Bardzo często o braku osiąganych sukcesów decydują preteksty, które tworzymy dla tłumaczenia własnego lenistwa i niechęci. Dlatego, by w pełni się realizować należy za wszelką cenę porzucić najpowszechniejsze wymówki.
Jak byś zareagował, gdyby ktoś ci powiedział, że jesteś świetnym aktorem? Przypuszczalnie zresztą miałby rację. Nie wiesz, o co chodzi? Zaraz się dowiesz!
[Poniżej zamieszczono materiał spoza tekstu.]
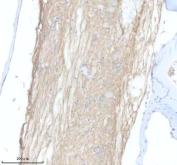 Zebrafish CXCR7A Antibody Spinal Cord IHC. Immunohistochemistry staining of FFPE zebrafish spinal cord tissue using Zebrafish CXCR7A Antibody demonstrates diffuse cytoplasmic and membrane-associated HRP-DAB brown staining throughout elongated neural tissue structures. The staining pattern is consistent with expression of CXC Chemokine Receptor 7A (CXCR7A), also known as Atypical Chemokine Receptor 3A (ACKR3A), a chemokine receptor involved in regulation of CXCL12 signaling, cell migration, and developmental tissue patterning. Signal is observed within spinal cord-associated cellular compartments and neural processes, reflecting the established role of CXCR7A in directing cellular positioning and organization during vertebrate development. Heat mediated antigen retrieval was performed in EDTA buffer. Primary antibody was incubated overnight at 4Â°C followed by detection using a peroxidase-conjugated goat anti-rabbit secondary antibody and DAB chromogen.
Generalnie chodzi o wymówki.
Wymówki to dla niektórych codzienność
Najlepsi aktorzy są w stanie całkowicie zatopić się w swojej roli. Żyją życiem odgrywanych postaci, nabywając wiele ich cech i zachowań. Niektórzy z nich traktują to tak poważnie, iż nie potrafią oddzielić się od jaźni bohaterów nawet wtedy, gdy kamery są wyłączone. Ty również do nich należysz!
Włożyłeś tyle wysiłku, aby uwierzyć w kłamstwa, które sobie wmawiasz, iż teraz trudno ci odróżnić swoją prawdziwą osobowość od oszusta, który opanował twój umysł. Owa postać to leń i tchórz. Rola niewątpliwie dobrze zagrana, lecz ty urodziłeś się, by grać kogoś innego: człowieka odważnego, który wierzy, że ma potencjał, by osiągnąć sukces.
Wymówki to nieustanny proces gry aktorskiej, skierowanej na oszukanie samego siebie i schowanie się w bezpiecznej przystani. Taka strategia niestety jest zawsze wielce ryzykowna i nie dająca szans na odmianę swojego losu.
Zaufaj sobie, abyś mógł podejmować właściwe decyzje. Skup się na tym, kim chcesz być. Akceptuj zarówno dobre, jak i złe strony. Podążaj za głosem intuicji i skończ wreszcie z wymówkami, które sam sobie wymyślasz:
1. Nie mogę zarabiać przyzwoitych pieniędzy, gdyż nie posiadam kwalifikacji
Cały czas wbija się nam do głów, że edukacja jest podstawą sukcesu. Wyrastamy w przekonaniu, iż musimy podążać wydeptaną ścieżką, a gdy z niej zboczymy, zakończy się to porażką.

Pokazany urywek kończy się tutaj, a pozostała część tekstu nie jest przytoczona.